> _Description of the task_:
The answer is the exact run of lines in the listing below from the line containing "FMF Q Stealth Muffler 025169 1821-1615" up to and including the line containing "Hohner Chromonica 64", with pictures removed.

> _Given information_:

========================================

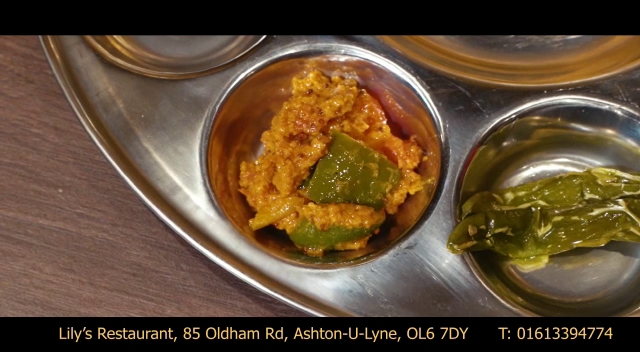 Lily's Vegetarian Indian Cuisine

========================================

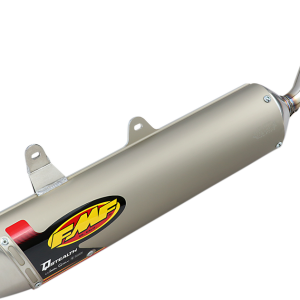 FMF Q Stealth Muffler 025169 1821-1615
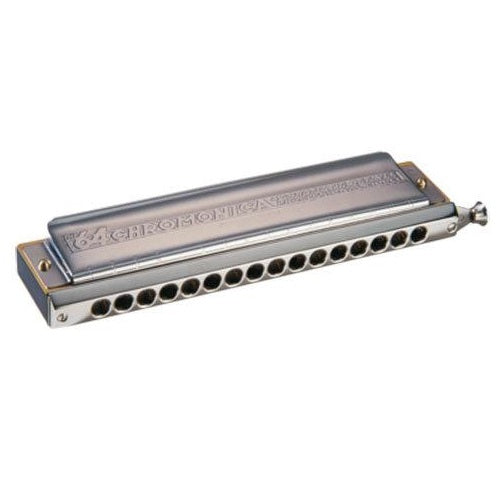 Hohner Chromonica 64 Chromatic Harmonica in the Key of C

========================================

> _Exercise solution_:
 FMF Q Stealth Muffler 025169 1821-1615
 Hohner Chromonica 64 Chromatic Harmonica in the Key of C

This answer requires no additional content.